Is anyone else having issues attempting to stream to an ATV4K, or other TV streamer? Or is it just me?


----------



## B. Shoe (Apr 3, 2008)

UPDATE: Unsure what time it may have started functioning correctly, but the extreme late window of west coast preseason games were streaming properly to the ATV4K box. My last check was approximately 11:30PM CST. Short Cuts for previously concluded games were also accessible. The Sunday Ticket app on ATV4K to require a little more bandwidth than some of the other streaming apps, however.


----------



## the2130 (Dec 18, 2014)

Too bad DirecTV didn't send out an e-mail announcement until the day of the games. I didn't see the e-mail until it was too late. Not much of a test if nobody is watching. Great job, DirecTV, and thanks for nothing.


----------



## B. Shoe (Apr 3, 2008)

the2130 said:


> Too bad DirecTV didn't send out an e-mail announcement until the day of the games. I didn't see the e-mail until it was too late. Not much of a test if nobody is watching. Great job, DirecTV, and thanks for nothing.

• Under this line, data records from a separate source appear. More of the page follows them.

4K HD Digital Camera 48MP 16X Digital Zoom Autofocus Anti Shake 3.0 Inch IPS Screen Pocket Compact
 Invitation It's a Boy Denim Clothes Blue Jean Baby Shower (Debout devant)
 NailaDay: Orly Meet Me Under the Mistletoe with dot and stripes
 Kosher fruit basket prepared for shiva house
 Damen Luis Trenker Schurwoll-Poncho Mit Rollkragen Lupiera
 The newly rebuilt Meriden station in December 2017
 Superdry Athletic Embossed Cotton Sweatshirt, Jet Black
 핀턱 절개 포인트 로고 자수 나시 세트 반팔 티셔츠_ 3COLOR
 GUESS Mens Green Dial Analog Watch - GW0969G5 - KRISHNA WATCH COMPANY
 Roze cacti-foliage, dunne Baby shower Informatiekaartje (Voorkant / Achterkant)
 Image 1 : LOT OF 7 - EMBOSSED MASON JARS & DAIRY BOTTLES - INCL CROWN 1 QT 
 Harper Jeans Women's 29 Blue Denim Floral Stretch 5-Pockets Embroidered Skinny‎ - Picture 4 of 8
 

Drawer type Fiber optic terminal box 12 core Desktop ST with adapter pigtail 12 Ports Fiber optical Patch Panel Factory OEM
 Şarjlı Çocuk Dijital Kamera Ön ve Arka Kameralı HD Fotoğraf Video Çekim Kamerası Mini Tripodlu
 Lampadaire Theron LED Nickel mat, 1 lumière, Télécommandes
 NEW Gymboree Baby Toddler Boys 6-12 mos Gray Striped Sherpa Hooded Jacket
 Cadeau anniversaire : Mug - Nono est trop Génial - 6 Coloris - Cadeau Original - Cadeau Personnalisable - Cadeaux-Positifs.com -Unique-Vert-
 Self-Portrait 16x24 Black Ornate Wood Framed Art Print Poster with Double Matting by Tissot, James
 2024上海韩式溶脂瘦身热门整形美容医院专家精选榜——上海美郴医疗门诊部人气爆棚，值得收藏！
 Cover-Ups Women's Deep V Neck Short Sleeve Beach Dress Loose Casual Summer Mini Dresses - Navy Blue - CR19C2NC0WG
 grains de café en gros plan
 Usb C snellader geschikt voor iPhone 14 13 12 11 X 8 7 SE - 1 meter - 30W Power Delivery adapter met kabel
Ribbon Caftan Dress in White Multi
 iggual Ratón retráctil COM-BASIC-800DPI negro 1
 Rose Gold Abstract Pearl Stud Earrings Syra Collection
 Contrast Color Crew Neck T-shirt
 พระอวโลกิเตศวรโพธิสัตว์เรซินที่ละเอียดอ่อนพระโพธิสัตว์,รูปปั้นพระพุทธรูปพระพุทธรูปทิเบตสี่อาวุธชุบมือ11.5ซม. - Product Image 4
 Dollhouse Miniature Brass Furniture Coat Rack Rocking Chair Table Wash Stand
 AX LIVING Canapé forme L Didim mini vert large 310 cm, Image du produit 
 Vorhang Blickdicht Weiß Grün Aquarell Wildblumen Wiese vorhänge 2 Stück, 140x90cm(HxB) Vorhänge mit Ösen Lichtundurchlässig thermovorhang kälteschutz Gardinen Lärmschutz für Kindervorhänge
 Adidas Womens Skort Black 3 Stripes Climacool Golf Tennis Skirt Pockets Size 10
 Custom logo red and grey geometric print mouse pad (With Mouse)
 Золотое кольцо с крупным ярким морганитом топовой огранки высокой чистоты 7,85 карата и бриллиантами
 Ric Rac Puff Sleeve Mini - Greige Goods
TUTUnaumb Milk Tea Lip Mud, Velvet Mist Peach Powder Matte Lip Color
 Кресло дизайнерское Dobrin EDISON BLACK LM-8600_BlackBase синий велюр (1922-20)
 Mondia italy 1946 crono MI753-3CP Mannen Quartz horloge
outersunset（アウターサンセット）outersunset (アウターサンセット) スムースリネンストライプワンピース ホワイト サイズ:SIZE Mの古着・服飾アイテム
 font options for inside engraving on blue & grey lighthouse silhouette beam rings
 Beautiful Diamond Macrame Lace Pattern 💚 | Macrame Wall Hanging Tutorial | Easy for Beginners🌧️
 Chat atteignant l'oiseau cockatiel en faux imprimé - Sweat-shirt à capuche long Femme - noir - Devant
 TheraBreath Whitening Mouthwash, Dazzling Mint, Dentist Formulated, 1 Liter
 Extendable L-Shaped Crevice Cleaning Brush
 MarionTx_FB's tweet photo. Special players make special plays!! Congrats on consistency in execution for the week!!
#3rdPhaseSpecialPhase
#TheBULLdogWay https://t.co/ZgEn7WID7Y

They've been doing Week 4 preseason testing in the ST app for the past few years. You're not really missing much on Week 4 of preseason, anyway.


----------



## the2130 (Dec 18, 2014)

Yeah, week 4 is barely worth watching, but it still would be nice if they didn't wait until the day of the games to send out an e-mail.


----------



## billsharpe (Jan 25, 2007)

You have to be a diehard football fan to watch any meaningless preseason NFL games. From what I've read on the sports pages many starters either don't play or only play a few minutes in these games.


----------



## the2130 (Dec 18, 2014)

billsharpe said:


> You have to be a diehard football fan to watch any meaningless preseason NFL games. From what I've read on the sports pages many starters either don't play or only play a few minutes in these games.


Maybe, but people do watch them. The recent Sunday night Seattle @ Minnesota telecast got 5.3 million live viewers. People watch to see how draft picks perform and to watch players vying for roster spots. It's why people watch Hard Knocks.


----------



## B. Shoe (Apr 3, 2008)

the2130 said:


> Maybe, but people do watch them. The recent Sunday night Seattle @ Minnesota telecast got 5.3 million live viewers. People watch to see how draft picks perform and to watch players vying for roster spots. It's why people watch Hard Knocks.


I guess you have to simply look at this as a value added situation, for what it is. Sunday Ticket does not include preseason games. The Game Pass package does provide you access to those games. If live preseason games are important to you, that's where you should be.

Regardless of if/when we might have been notified, if an Apple TV box was my only means of accessing the games, it wasn't working until the late run of games. It's simply for testing, and if anything, they're only looking for you to watch to find bugs and errors.


----------